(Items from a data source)
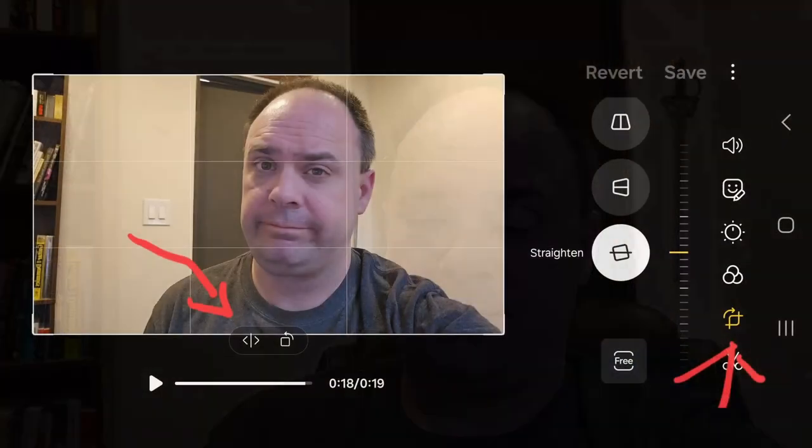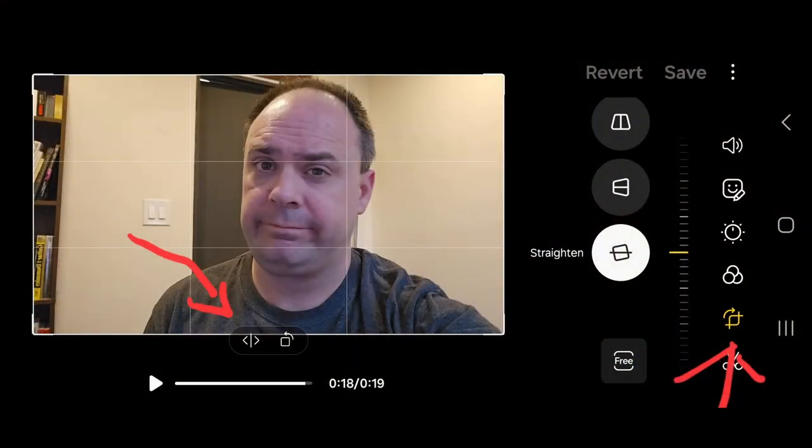You should be able to edit this in your phone. I know you can on Android.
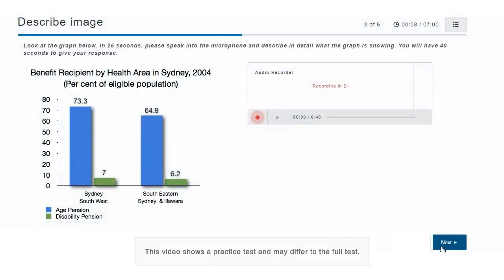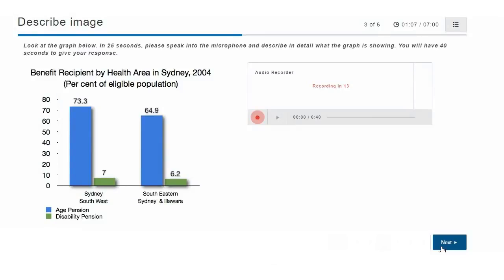The recording status box displays a countdown until the microphone opens. You have 25 seconds to study the image and prepare your response.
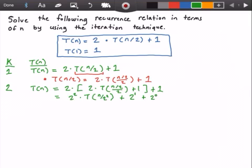Once we find that general form from looking at these patterns, we're going to make a guess to solve this equation.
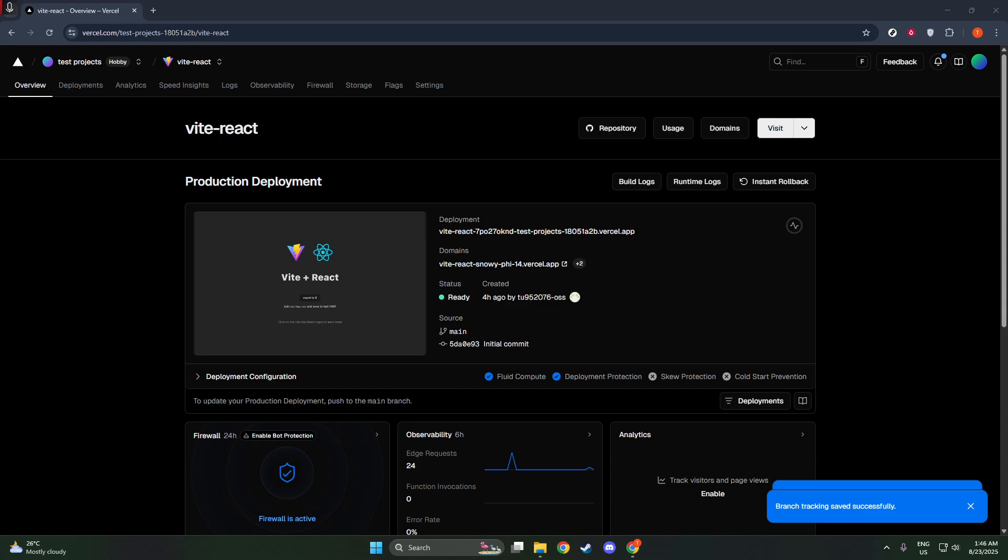First, you'll want to navigate to your Vercel dashboard. This is your control center, where you can manage all your projects with ease. Once you're logged in and on your dashboard, it's time to open the specific project for which you want to change the source branch. If you have multiple projects, make sure you select the correct one to avoid any mix-ups.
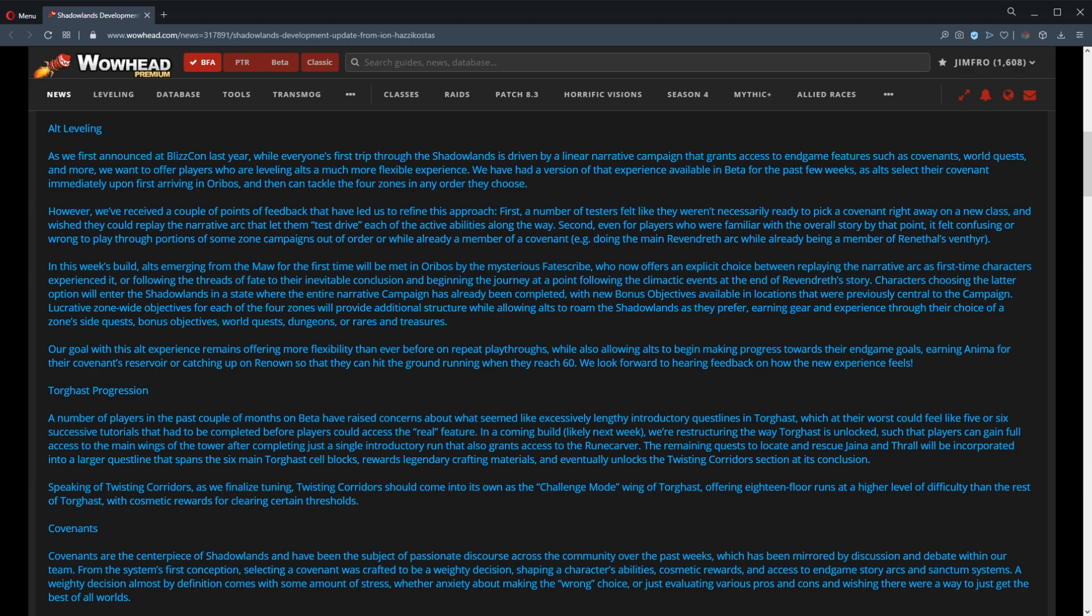Lucrative zone-wide objectives for each of the four zones will provide additional structure while allowing alts to roam the Shadowlands as they prefer, earning gear and experience through their choice of a zone's side quests, bonus objectives, world quests, dungeons, or rares and treasures. Our goal with this alt experience remains offering more flexibility than ever on repeat playthroughs, while also allowing alts to begin making progress toward their in-game goals, earning anima for their covenant's reservoir or catching up on renown, so that they can hit the ground running when they reach level 60. We look forward to hearing feedback on how the new experience feels.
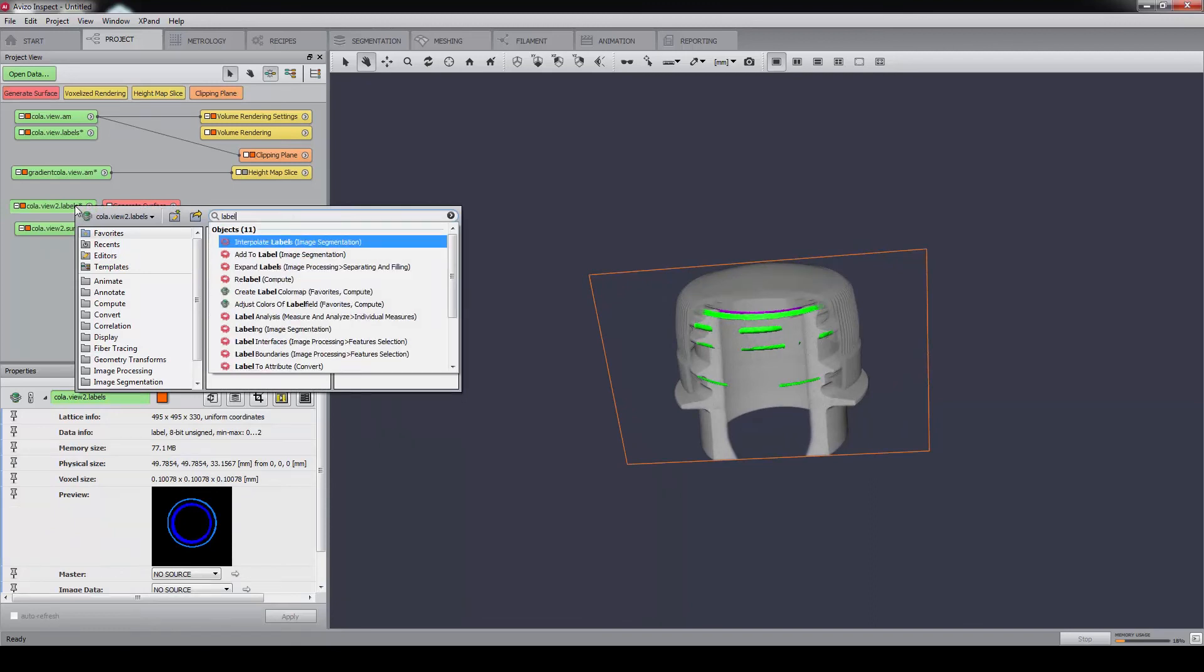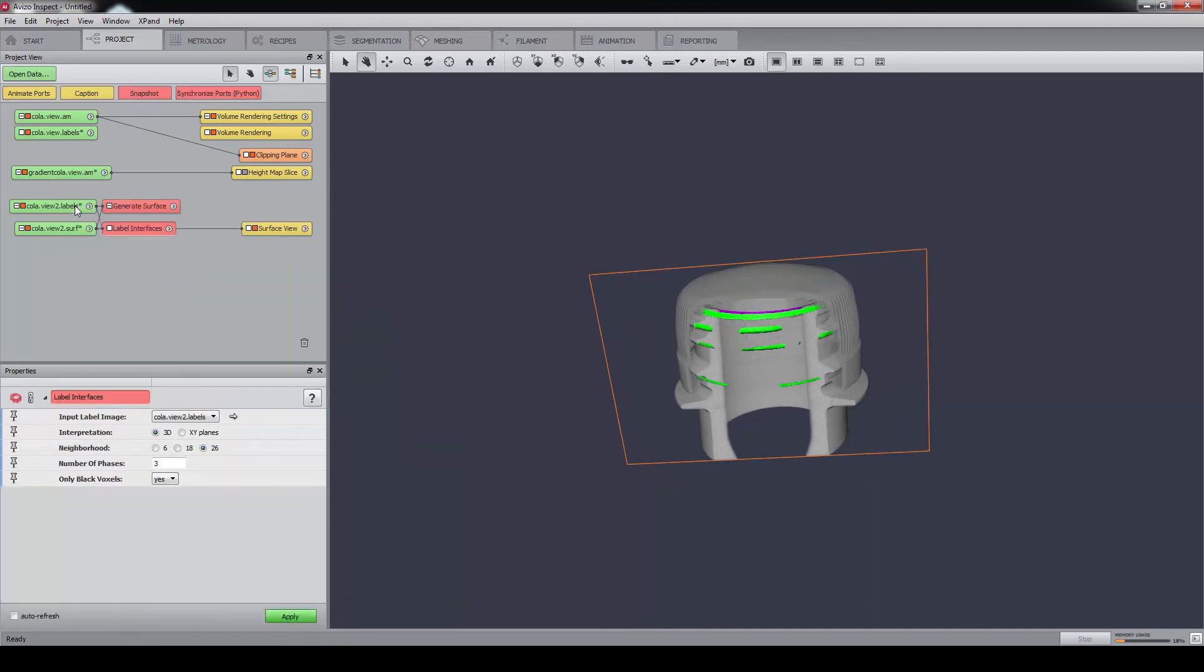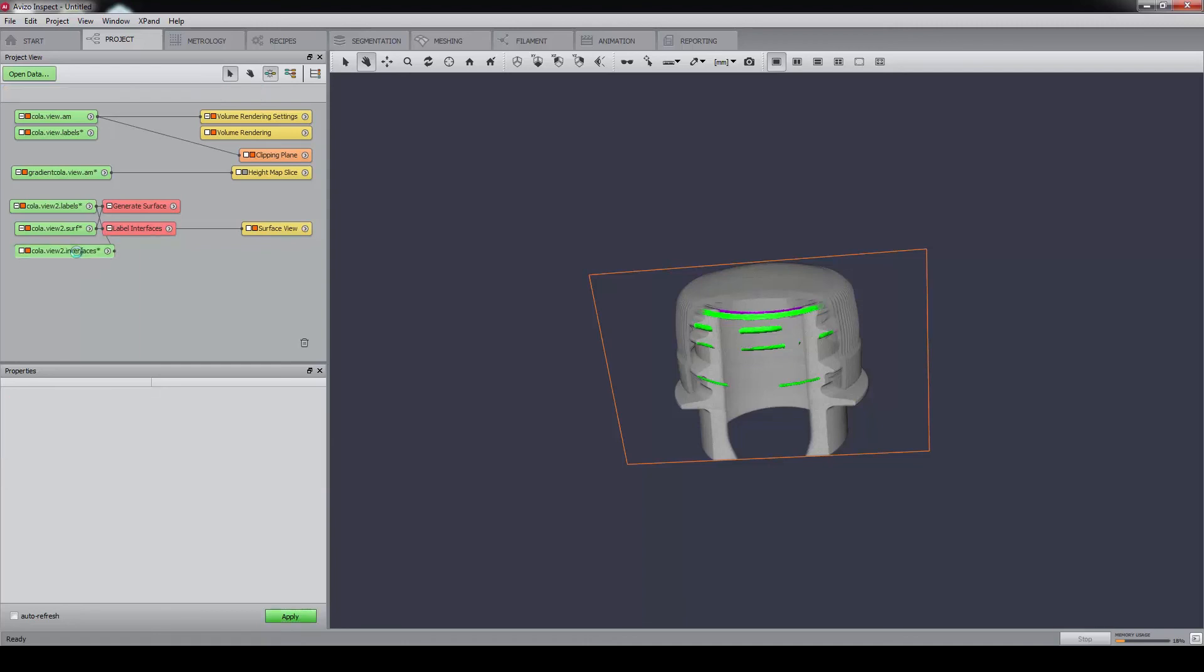We could also do this by using a Label Interface module, with a number of two faces, no air, and six neighbourhoods. This only selects the voxels where the two materials touch.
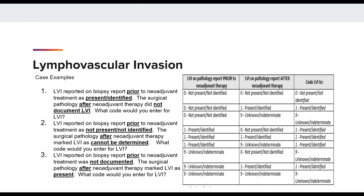In the second case, the LVI reported on the biopsy report prior to neoadjuvant treatment was not present. The surgical pathology after neoadjuvant therapy marked LVI as cannot be determined or unknown. Therefore, we would code the LVI to unknown. In the third example, LVI is reported on the biopsy report prior to neoadjuvant treatment as not documented or unknown. The surgical pathology report after neoadjuvant treatment marked LVI as present. Therefore, we code LVI to code 1, present.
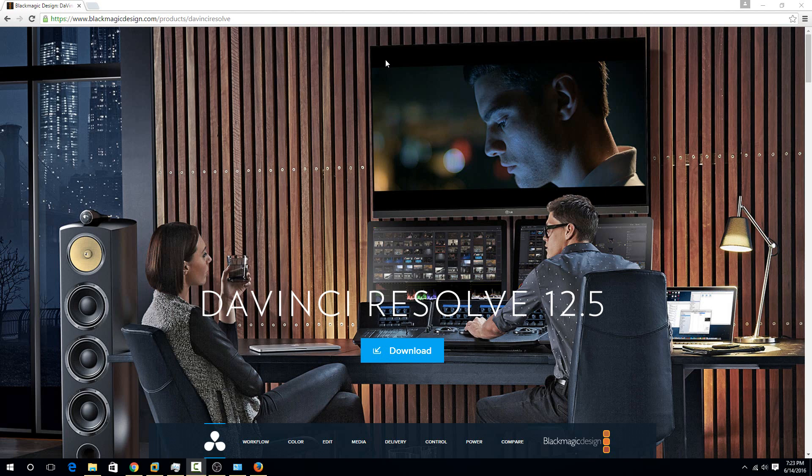Today I'm going to show you how to edit videos on Windows using a free software called DaVinci Resolve. There's a lot of free video editors out there for Windows, but a lot of them are lacking several features that make them not as complete.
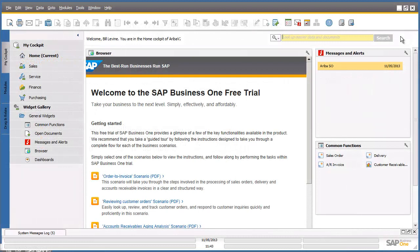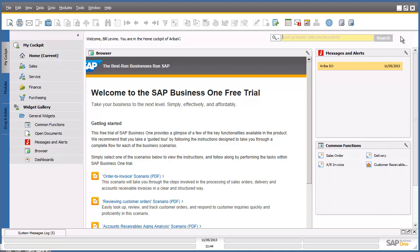We are now logged into the SAP Business One system. Within your cockpit, you can review your own personalized work center. You are now going to use the search functionality in the top right corner of your screen to search for an invoice number. We are going to search for AR invoice number 373 that we created in Scenario 1. We simply type in the search box 373 and then select the search button.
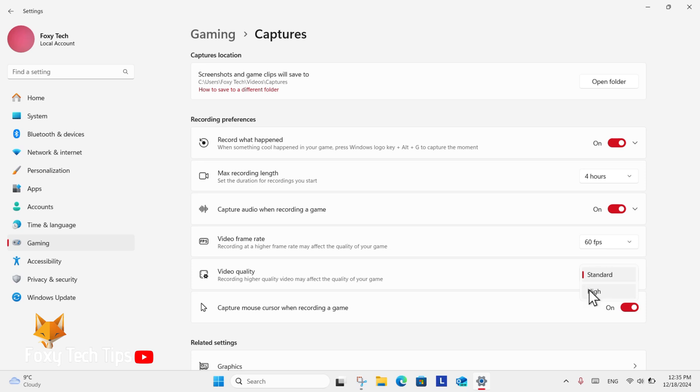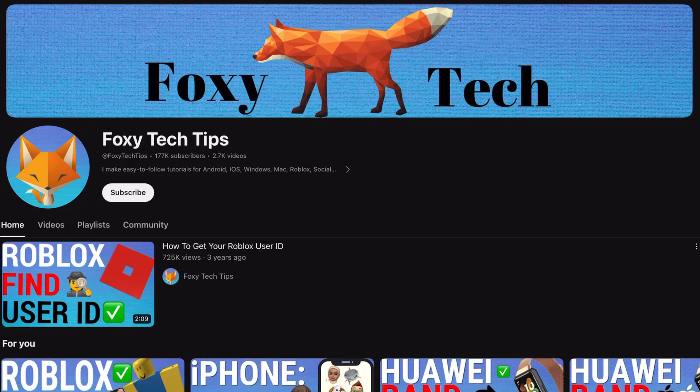And that draws an end to this tutorial. Please like the video if you found it helpful and subscribe to Foxy Tech Tips for more Windows 11 tips and tricks.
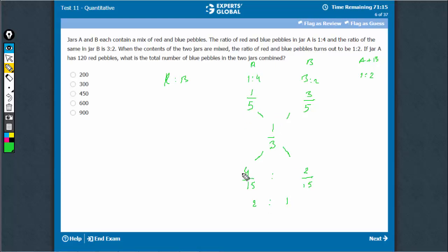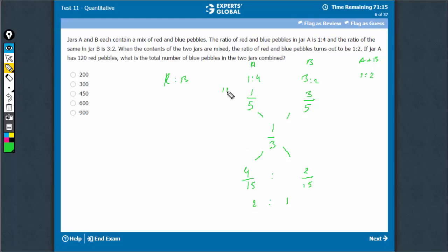This is the quantity for A and this is the quantity for B. So for every 2 parts in jar A, there is 1 part in jar B. Jar A has 120 red pebbles, so the total in jar A would be 600 — since 1/5 of 600 is 120. So 2 refers to 600, and therefore 1 would refer to 300.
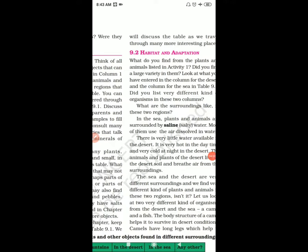Habitat and adaptation. What is habitat? What is adaptation? From the plants and animals you listed in activity one, you found a large variety. In the sea, plants and animals are surrounded by saline — that is, salty — water, so most of them use the air dissolved in water.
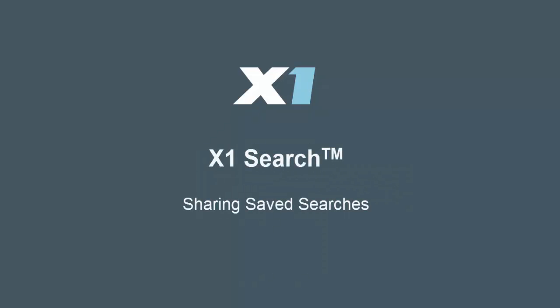Hi, today we're going to show you X1 Search's game-changing save search and save search sharing functionality, allowing for collaboration and knowledge sharing across your team.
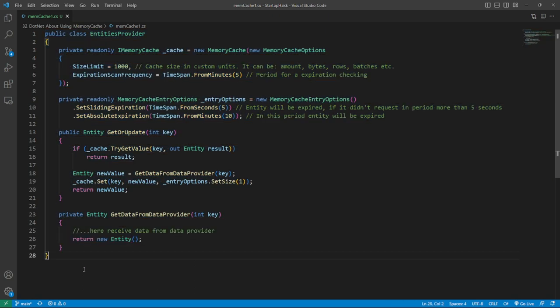We should be careful in using memory and prevent uncontrolled allocation. Therefore in the code we limit the cache size, lifetime of entities by MemoryCacheEntryOptions. Moving towards the next topic: tracking entities.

_Exercise aim_: All of the records need repeating exactly, except for the pictures.

_Solution to the exercise_:
You should be able to edit this in your phone. I know you can on Android.
The recording status box displays a countdown until the microphone opens. You have 25 seconds to study the image and prepare your response.
Once we find that general form from looking at these patterns, we're going to make a guess to solve this equation.
First, you'll want to navigate to your Vercel dashboard. This is your control center, where you can manage all your projects with ease. Once you're logged in and on your dashboard, it's time to open the specific project for which you want to change the source branch. If you have multiple projects, make sure you select the correct one to avoid any mix-ups.
Lucrative zone-wide objectives for each of the four zones will provide additional structure while allowing alts to roam the Shadowlands as they prefer, earning gear and experience through their choice of a zone's side quests, bonus objectives, world quests, dungeons, or rares and treasures. Our goal with this alt experience remains offering more flexibility than ever on repeat playthroughs, while also allowing alts to begin making progress toward their in-game goals, earning anima for their covenant's reservoir or catching up on renown, so that they can hit the ground running when they reach level 60. We look forward to hearing feedback on how the new experience feels.
We could also do this by using a Label Interface module, with a number of two faces, no air, and six neighbourhoods. This only selects the voxels where the two materials touch.
In the second case, the LVI reported on the biopsy report prior to neoadjuvant treatment was not present. The surgical pathology after neoadjuvant therapy marked LVI as cannot be determined or unknown. Therefore, we would code the LVI to unknown. In the third example, LVI is reported on the biopsy report prior to neoadjuvant treatment as not documented or unknown. The surgical pathology report after neoadjuvant treatment marked LVI as present. Therefore, we code LVI to code 1, present.
Today I'm going to show you how to edit videos on Windows using a free software called DaVinci Resolve. There's a lot of free video editors out there for Windows, but a lot of them are lacking several features that make them not as complete.
We are now logged into the SAP Business One system. Within your cockpit, you can review your own personalized work center. You are now going to use the search functionality in the top right corner of your screen to search for an invoice number. We are going to search for AR invoice number 373 that we created in Scenario 1. We simply type in the search box 373 and then select the search button.
And that draws an end to this tutorial. Please like the video if you found it helpful and subscribe to Foxy Tech Tips for more Windows 11 tips and tricks.
This is the quantity for A and this is the quantity for B. So for every 2 parts in jar A, there is 1 part in jar B. Jar A has 120 red pebbles, so the total in jar A would be 600 — since 1/5 of 600 is 120. So 2 refers to 600, and therefore 1 would refer to 300.
Habitat and adaptation. What is habitat? What is adaptation? From the plants and animals you listed in activity one, you found a large variety. In the sea, plants and animals are surrounded by saline — that is, salty — water, so most of them use the air dissolved in water.
Hi, today we're going to show you X1 Search's game-changing save search and save search sharing functionality, allowing for collaboration and knowledge sharing across your team.
We should be careful in using memory and prevent uncontrolled allocation. Therefore in the code we limit the cache size, lifetime of entities by MemoryCacheEntryOptions. Moving towards the next topic: tracking entities.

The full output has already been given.